We were briefed on Tuesday about the issues that needed to be addressed with the legislators on Dystonia Advocacy Day. First and foremost was an increase in funding for the National Institutes of Health to 34.5 billion for the new fiscal year, which as a result would provide more research into diseases such as dystonia. Additionally, we wanted to urge our Congressmen and Congresswomen to pass bills HR 1600 and HR 3742. Bill HR 1600 would put a cap on treatments and other expenses for dystonia to $250.00 per month, while Bill 3742 would permit non-profit organizations to donate money to groups like the National Organization for Rare Disorders, which would provide additional monies for dystonia. Finally, we advocated to keep dystonia on the 2017 list as a condition eligible for study through the DOD Peer- Reviewed Medical Research Program. In the wake of the event I am glad to report that proposal has already been approved. All of the participants at the meeting received this good news in an email from the Executive Director of the Medical Research Foundation, Janet Hieshetter, who also served as a Dan Steering Committee Member at the event. Although all these talking points were essential in our conversations with the politicians and their staff members, we were also encouraged to tell our personal stories about living with dystonia, which had significant impact on the politicians’ decision making.
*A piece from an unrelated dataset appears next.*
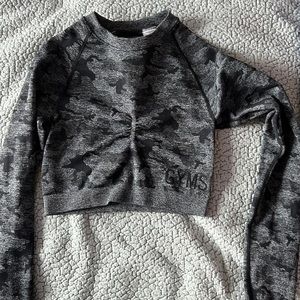 Gymshark camo long sleeve crop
After the briefing on Tuesday we were told that the group was going to be divided up by two states, our own and another state in close proximity. We first met with our team at dinner that evening, and I felt very comfortable talking to the advocates from Pennsylvania (I am from Philadelphia, PA) and New York who were accompanying me during my visit to Capitol Hill with on Wednesday. After the meal all of the advocates at the meeting gathered in the hallway outside of the ballroom for a group photo. Subsequently, I got the chance to talk at length with NSTA Vice President, Diane Truong.
Mary Rae Nee led the group from Pennsylvania. She is an extremely caring person, and she went out of her way to assist me throughout the event. Mary, despite her struggles with dystonia, runs a dystonia support group in Pittsburgh, PA and members of her group not only come from that city, but from the entire western portion of the state. Since our goal was to engage as many legislative offices that were scheduled for our team, we decided for the morning to split up according to the states that we represent. Therefore advocates from Pennsylvania and New York went to their legislative offices, respectively.
Our first visits were to the offices of Senator Pat Toomey (R-PA) and Senator Bob Casey Jr. (D-PA). We met with their staffers and they listened to our concerns intently. Moreover I was amazed that Douglas Hartman, staff member from Senator Casey’s office, not only remembered me from when I met with him three years ago, but he recalled that I was a movie critic in college! On that visit three years ago, I went with a team to Capitol Hill advocating for mental health issues while I was attending the Mental Health America Conference. The legislative staffers’ schedules are full with meetings with various advocate groups from across the state during the course the day, and I was astonished that he remembered intricate details about my life.
In the afternoon, we joined the New York advocates’ and went with them to their legislative offices. Most of the staffers we saw that day were immensely supportive of our concerns; especially because funding for dystonia and other related diseases is a bi-partisan issue. Hopefully our talking points and personal stories will compel the Senators and Representatives into making dystonia a priority. I want to thank Justin and the entire staff of the NSTA for giving me the opportunity to represent the organization on Dystonia Advocacy Day in 2016. I am very grateful for my experience that I had in Washington, D. C.